(TASK BRIEF): From the listing below, extract every line containing "audio".

(DATA FOR THIS TASK):
• • •

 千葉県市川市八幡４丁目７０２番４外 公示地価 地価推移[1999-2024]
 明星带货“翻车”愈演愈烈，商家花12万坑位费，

• • •

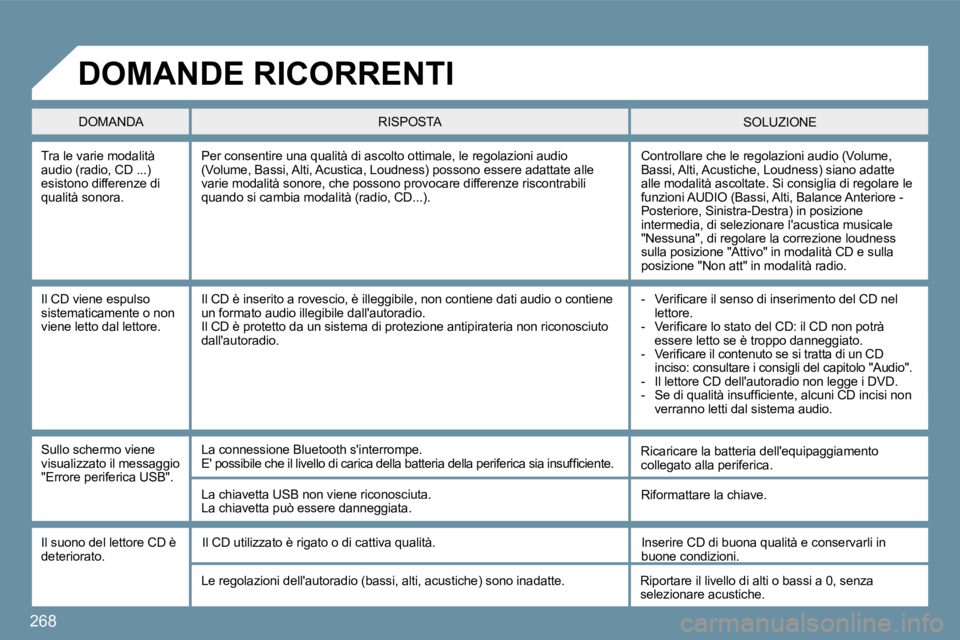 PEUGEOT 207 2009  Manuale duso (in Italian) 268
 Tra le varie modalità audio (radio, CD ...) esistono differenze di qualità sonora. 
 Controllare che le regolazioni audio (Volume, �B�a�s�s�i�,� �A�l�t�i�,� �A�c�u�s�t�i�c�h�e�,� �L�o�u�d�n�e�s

• • •

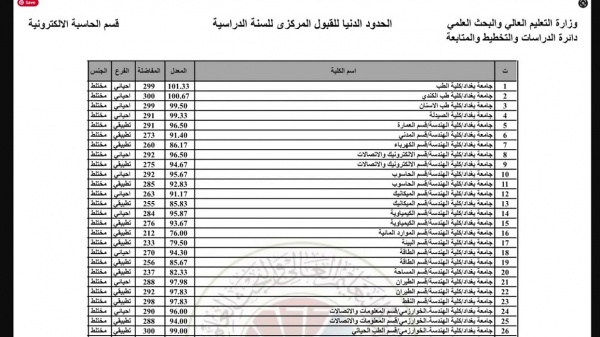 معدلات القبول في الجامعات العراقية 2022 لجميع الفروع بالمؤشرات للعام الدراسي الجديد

• • •

(EXERCISE ANSWER):
 Tra le varie modalità audio (radio, CD ...) esistono differenze di qualità sonora. 
 Controllare che le regolazioni audio (Volume, �B�a�s�s�i�,� �A�l�t�i�,� �A�c�u�s�t�i�c�h�e�,� �L�o�u�d�n�e�s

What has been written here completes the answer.